> **Data shown**
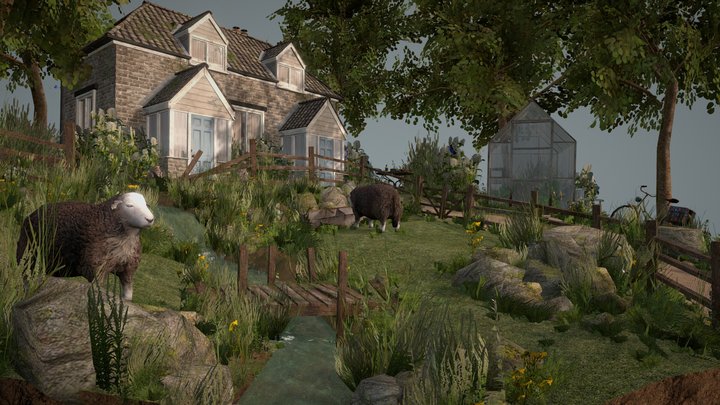 (old) DAE Diorama - Grandma's House (old) 3D Model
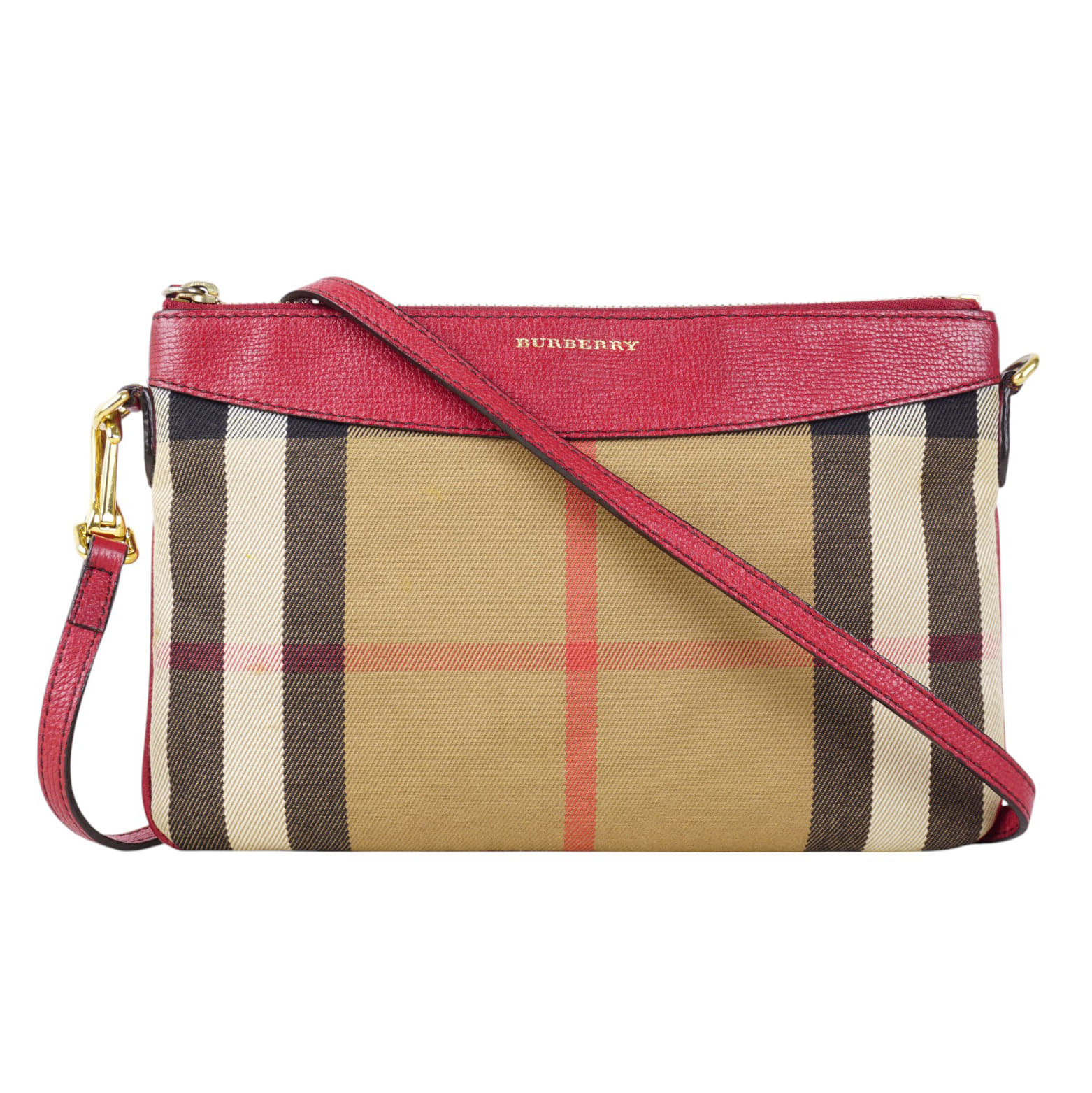 Burberry Peyton House Check Canvas Crossbody Bag Shoulder Bag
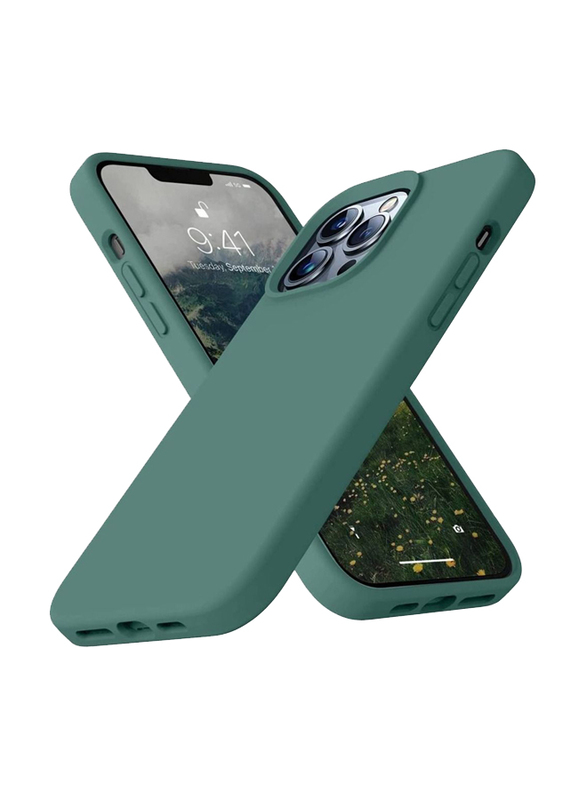 Apple iPhone 14 Pro Premium Silicone Protective Gel Slim Soft Mobile Phone Case Cover, Green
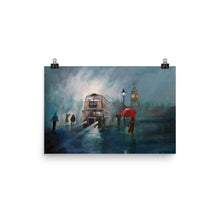 Load image into Gallery viewer, London painting rain red umbrella print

> **What is expected**
This task calls for restating, word for word, each line from the line holding "Burberry Peyton House" through the end of the material, pictures left out.

> **Answer box**
 Burberry Peyton House Check Canvas Crossbody Bag Shoulder Bag
 Apple iPhone 14 Pro Premium Silicone Protective Gel Slim Soft Mobile Phone Case Cover, Green
 Load image into Gallery viewer, London painting rain red umbrella print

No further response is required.